И снова — молчаливое ожидание. Через окно видно было, как начало темнеть небо. Тот, кто делал гроб, поднялся и застегнул на себе ватник, который ни разу не снял с плеч.
— Кажется, оттепель начинается, — сказал он шепотом и снова лег.
На печи кашляли, ворочались, бормотали во сне.
Гануся терпеливо ждала, пока пройдет эта тревожная ночь. И первой догадалась, что наступает утро, хотя никаких признаков рассвета еще не было. Приподнявшись, зашептала отцу на ухо:
— Отец… Ночь уже прошла… Так и все это пройдет. Самое важное — переждать. День за днем…
Он поднялся и сел.
— Утро скоро, — произнес он таким тоном, словно тоже всю ночь напряженно ждал рассвета.
И снова они умолкли.
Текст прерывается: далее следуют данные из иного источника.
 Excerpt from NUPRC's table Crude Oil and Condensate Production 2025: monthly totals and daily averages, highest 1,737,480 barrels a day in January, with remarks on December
И снова потянулось время. Утро шло медленно. Новый день рождался пасмурным. Вдруг исчезли редкие звезды. Видны стали стены в хате и дверь, открытая в ту «холодную комнату». Ждали дня, а как настал он, не знали, с чего начинать его. Все поглядывали на печь: что дальше будут делать непрошеные ночлежники? А те по-прежнему беспокойно спали.
Уже Гануся встала, вошла в «холодную комнату» и замесила там какое-то тесто. Уже тот, кто делал гроб, перерубил кучу жердей на дрова. Уже Ганусин отец, спрятавшись в «холодной комнате» от своих незваных ночлежников, потихоньку достал из-под пиджака пистолет, разобрал его и снова собрал. А те все лежали на печи и даже будто бы спали. Теперь уже видно было и хорошо слышно: всю ночь напролет надрывался скрипучим кашлем самый старший. Самый младший время от времени стонал слабым голосом. Толстяк что-то бормотал сквозь сон, только не так, как вчера, а по-немецки…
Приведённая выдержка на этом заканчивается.